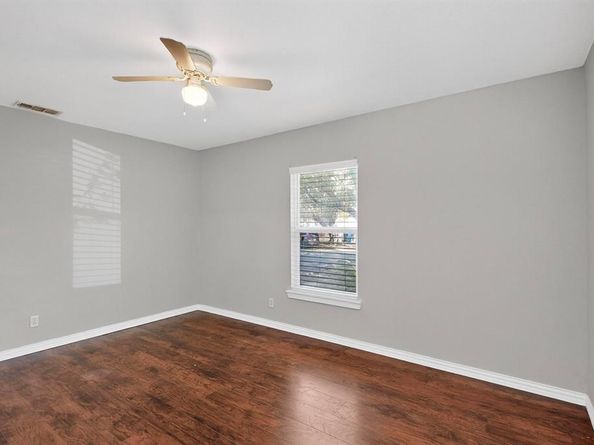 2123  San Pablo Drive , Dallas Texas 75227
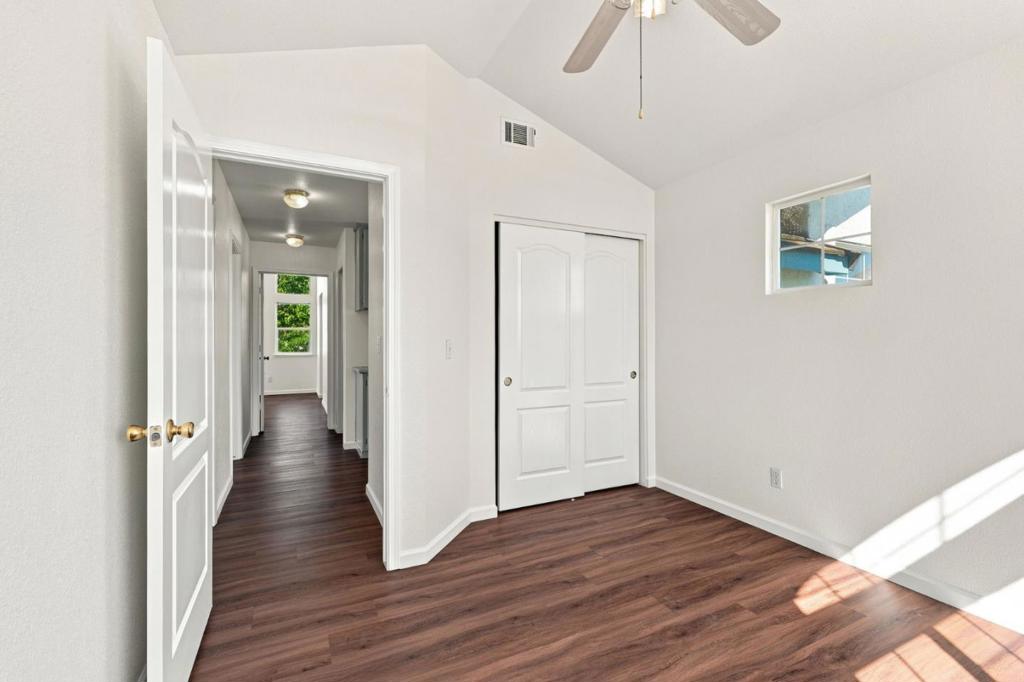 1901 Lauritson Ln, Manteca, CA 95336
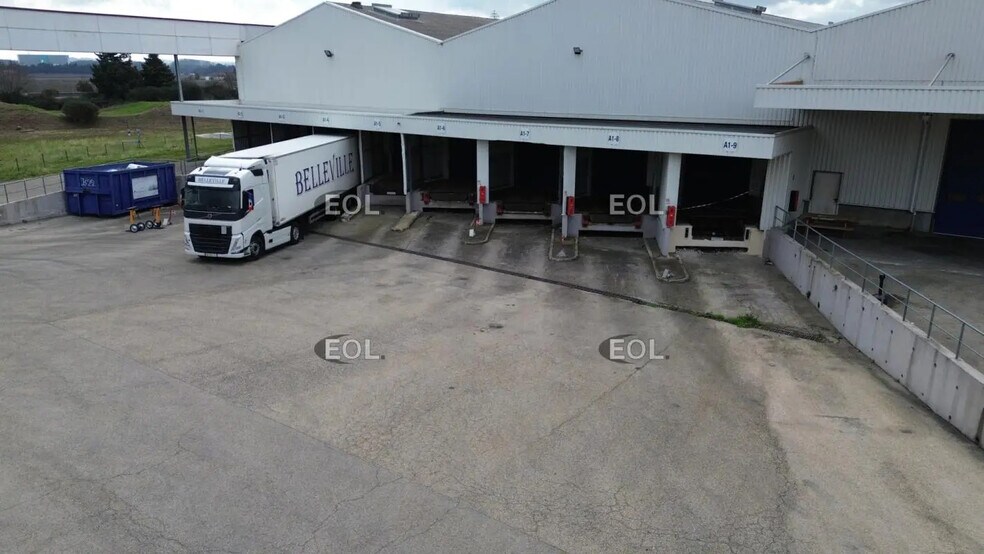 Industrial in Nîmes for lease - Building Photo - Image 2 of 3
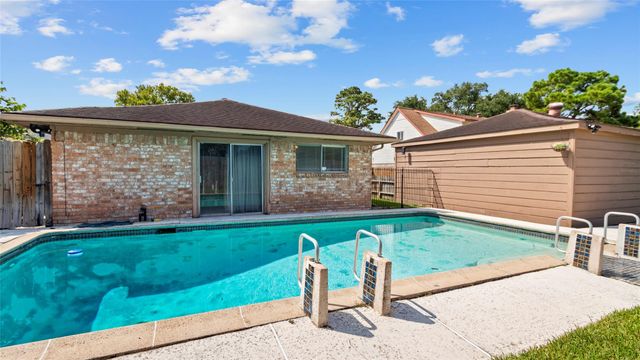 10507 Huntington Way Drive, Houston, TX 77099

> [Task objective] Once the pictures are removed, copy the material above exactly.

> [Completed task]
 2123  San Pablo Drive , Dallas Texas 75227
 1901 Lauritson Ln, Manteca, CA 95336
 Industrial in Nîmes for lease - Building Photo - Image 2 of 3
 10507 Huntington Way Drive, Houston, TX 77099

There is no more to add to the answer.